El 28 de noviembre de ese año se pegó un tiro. Murió el 2 diciembre.

Conexión montevideana: La segunda “resurrección”

El 11 de abril de 1966 José María Arguedas intentó suicidarse. Exactamente un mes después le escribió a Ángel Rama, con quien estaba tratando la publicación de Amormundo en Montevideo desde hacía meses: “Estoy empezando a ponerme en contacto con el mundo”. El 4 de julio le confesó: “Paso un periodo bravísimo. Oscilo entre la exaltación y la depresión, en mayor grado que en los últimos tiempos”.

El 12 del mismo mes, mientras resolvía la salida de Amormundo, que hasta ese momento era un relato largo, le comentaba: “Hoy me siento bien. Los traumas de mi infancia y adolescencia fueron muy quebradores […] Pero he de seguir peleando, Ángel. Te lo prometo. Mi mujer es excelente, pero he roto amarras formidables para unirme a ella y debo haberme herido fuerte al desgarrarme de esas ataduras”.

El 22 de agosto Sybila le escribió a Rama por encargo de José María: “Este libro aparentemente le ha resultado un ‘parto’ algo doloroso pero el ‘niño’ es maravilloso. Hay un poco de fin terapéutico en la exteriorización de lo que contienen esos relatos”.

Ese mismo mes de agosto Arguedas estaba viajando por Argentina. El 6 de septiembre, desde Mar del Plata, escribió a mano una nota a su amigo uruguayo: “Querido Ángel: Espero llegar a Montevideo el domingo […] Atravieso por una crisis peligrosa […] Te pido un favor adicional: si conoces un psiquiatra en quien confiar de veras te ruego separarme una cita para el lunes o martes. Se trata de intentar con él una apreciación del grado de desequilibrio emocional que padezco […] Tengo un antiguo enredo, traumas adquiridos en la infancia. Lo había superado aparentemente, pero creo que un hecho sin importancia para cualquiera me hundió nuevamente en una crisis más aguda”.

Arguedas pasó por Montevideo. De ese paso quedó la huella de un relato llamado “Mar de harina”, que se publicó en el semanario Marcha, y un ejemplar del poema “A nuestro padre creador Túpac Amaru Himno-Canción”, obsequiado a Rama con la siguiente dedicatoria: “Para Ángel, a quien debo la oportunidad de haber reafirmado en Montevideo el proceso de mi segunda ‘resurrección’ [sigue un texto en quechua] José María, Montevideo, set. 1966”.

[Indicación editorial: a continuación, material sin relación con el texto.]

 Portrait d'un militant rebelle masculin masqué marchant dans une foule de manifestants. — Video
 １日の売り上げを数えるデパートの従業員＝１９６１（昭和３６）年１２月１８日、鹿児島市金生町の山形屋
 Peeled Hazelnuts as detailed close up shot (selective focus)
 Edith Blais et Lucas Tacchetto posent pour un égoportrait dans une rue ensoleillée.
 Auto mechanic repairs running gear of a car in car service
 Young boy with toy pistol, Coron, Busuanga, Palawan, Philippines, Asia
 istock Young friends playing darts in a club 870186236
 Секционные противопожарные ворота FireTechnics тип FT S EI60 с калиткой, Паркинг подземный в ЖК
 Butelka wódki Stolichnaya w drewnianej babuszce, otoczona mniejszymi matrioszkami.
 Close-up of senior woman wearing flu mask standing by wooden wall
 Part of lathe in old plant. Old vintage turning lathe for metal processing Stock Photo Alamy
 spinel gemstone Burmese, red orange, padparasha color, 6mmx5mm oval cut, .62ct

Sin duda, en esos días montevideanos Arguedas había tenido consulta con el doctor Marcelo Viñar. Meses después crecía la intención de Arguedas de trasladarse a Montevideo para continuar su tratamiento. El 3 de mayo de 1967, en una carta intensa en la que comentaba a Rama un encuentro tenido en México con otros intelectuales, expresó su deseo de atender su salud psíquica en Uruguay. El 9 de septiembre le escribió: “Todas las cosas andan muy bien menos yo mismo […] las perturbaciones que siento desde el mortal accidente de abril del año pasado no han mejorado […] hasta ahora ha sido el Dr. Viñar a quien me hiciste recomendar, quien me dio la impresión de mayor lucidez y seguridad sobre la forma cómo debía ser atendido. […] Ese Viñar es un águila afectuosa”.

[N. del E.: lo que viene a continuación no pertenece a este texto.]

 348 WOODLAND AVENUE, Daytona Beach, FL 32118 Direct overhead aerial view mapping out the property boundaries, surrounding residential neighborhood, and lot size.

En una nueva carta del 13 de noviembre le contó a Rama que tuvo encuentros con Viñar en Lima y recordó Montevideo: “Me ocurre con tu ciudad lo que sucede con los lugares en los que todo se conjuró durante algunos días para hacer la vida de maravilla. Entonces uno sueña con ir a ese lugar para liberarse de todos sus males y renacer. Sueño con Montevideo, y cuando estoy agobiado me pongo a trazar planes fantásticos que me permiten estar allá y eso me alivia”.

Quiso realizar la fantasía con la ayuda de su editor Gonzalo Losada, a quien le escribió el 21 de diciembre pidiéndole un adelanto para pagarse un pasaje y estar dos meses en Montevideo. Losada lo alentó para que cumpliera ese sueño; el 11 de enero de 1968 Arguedas le escribió una carta a Marcelo Viñar contándole entusiasmado la posibilidad que Losada le había abierto y su disposición para viajar.

Allí pierdo la pista de la conexión montevideana. En los diarios incluidos en la novela de los zorros, iniciados el 10 de mayo de 1968 en Santiago de Chile, ese sueño, uno más, ya se había desvanecido.